I remember this used to be an issue in Godot 3.0 if you created a ViewportTexture through the Godot editor. The way I remember working around it was setting the ViewportTexture through code instead in _ready, though it's been awhile since I've encountered the issue. If you are using ViewportTextures, I would check to see if deleting the ViewportTextures in the editor and then assigning them to the necessary nodes through code fixes the issue using something like node.texture = $Viewport.get_texture(). I would highly recommend making a backup first though, so nothing is lost if anything goes wrong and/or it doesn't fix the issue!

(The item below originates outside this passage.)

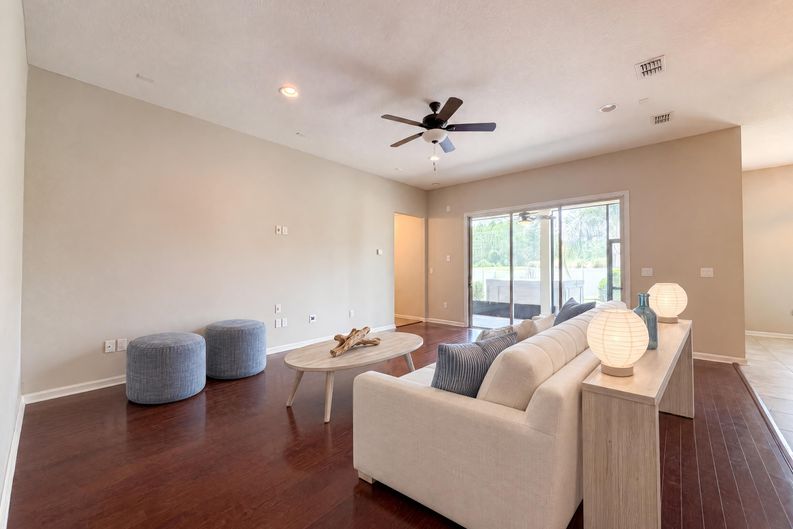 Photo 3 of 31 of 316 Willow Lake Dr, Saint Augustine, FL
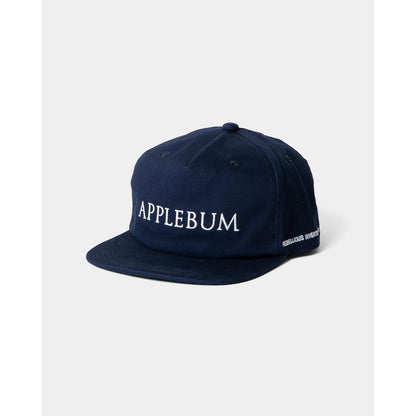 APPLEBUM “TROJAN LOGO” 5 PANEL CAP / 2610901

If you are not using ViewportTextures anywhere, then I'm at a loss at what could be causing the issue. As you mentioned, the error log doesn't really point to anything conclusive :sweat_smile:

@TwistedTwigleg It's most certainly somehow related to viewport textures. I use a bunch of them and most are assigned through code. Some are assigned in editor. I had some that were assigned in editor that ended up with bad node paths but I unassigned all such cases that I could find. Will try what you suggest and report what happened.

Right. It happens when you assign a viewport texture (to say sprite) but you don't provide a path to viewport. When I was cleaning up I just removed viewport paths (that little broom icon) but I left the actual ViewportTexture alive. This turns path field into a button that says "Assign...". So if things are left in this state the errors will be printed. If I completely delete the ViewportTexture then errors disappear.

I had two such cases. Three error lines are printed per one unassigned viewport.

This should be handled more gracefully. Either don't print any errors if viewport path is not assigned (as opposed to actually invalid path) or explicitly say the viewport is not assigned instead of saying the path is invalid. This then should be a warning, not an error imho.

You might want to open a issue report on this perhaps if one doesn't already exist.

Looking into it... Some similar issues have been reported with more specific problems regarding the viewport path in ViewportTexture object. They all have problems when path is actually assigned. But this is more generic. Engine should simply differentiate between a bad path and a non-existing one.